«Nessuno può permettersi di dubitare dell’attività allevatoriale classica. I vegani sembrano ragionare con la parte del corpo più pregiata nel bovino e nel suino: quella posteriore». È la provocazione con cui Giampaolo Maloberti, presidente del consorzio di allevatori e macellai “La Carne Che Piace”, risponde ad alcune esternazioni rilasciate da attivisti vegani e animalisti sui media locali.

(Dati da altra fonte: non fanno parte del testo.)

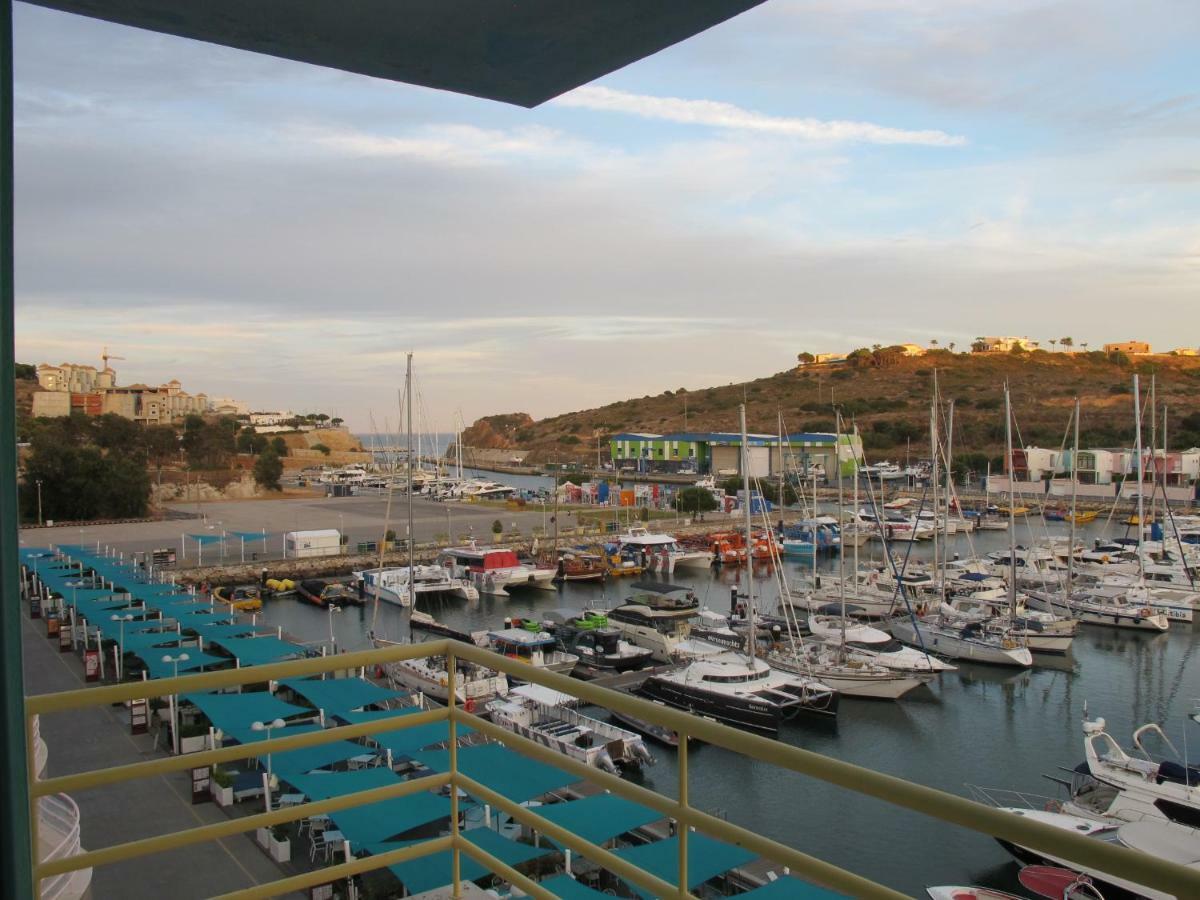 Amm Seaview Marina Apartamento Albufeira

«La tradizione zootecnica e il conseguente indotto generato per molte famiglie del territorio», esordisce Maloberti, «non possono essere compromessi da deliri vegani, come l’idea di abolire e riconvertire gli allevamenti in orti sinergici, agricolture biologiche o permacoltura in quanto sarebbero fonte di immoralità. Una certa stampa partigiana sta cercando di trasmettere il messaggio che le carni rosse sarebbero cancerogene: non a caso, i toni allarmistici sul consumo di carne – compresi quelli farneticanti dell’Oms – hanno tentato di spianare la strada alla liberalizzazione dei novel food, cioè scarafaggi, bruchi, cavallette e altri insetti commerciabili sulle tavole degli italiani e sugli scaffali dei supermercati. Un ricercatore universitario locale, nei mesi scorsi, ha addirittura suggerito di gravare il settore zootecnico con una fiscalità pesante. Anche le rappresentanze istituzionali, in alcuni frangenti, hanno condannato gli allevamenti. E gli animalisti vorrebbero impedire la costruzione di nuove dighe per tutelare la fauna, ignorando la siccità che imperversa nelle stagioni calde. Siamo in una situazione folle, in cui rischiano di smarrirsi i capisaldi della nostra provincia, frutto del lavoro sapiente, costante e passionale di numerose generazioni».
«Mentre gli animalisti accusano gli allevamenti di inquinare il pianeta, diano un’occhiata all’impatto che stanno avendo sulle popolazioni locali i nuovi ingredienti tanto di moda nella dieta vegana: per la soia ogni anno viene raso al suolo il 3% della foresta pluviale Argentina; la coltivazione intensiva di quinoa, che avviene nei due Paesi più poveri del Sud America – Perù e Bolivia –, sta peggiorando l’esistenza degli abitanti autoctoni. Nei periodi di carestia del passato, invece», conclude Maloberti, «il maiale ha saputo sfamare famiglie intere. E con orgoglio, Piacenza è l’unica provincia a fregiarsi di tre salumi DOP».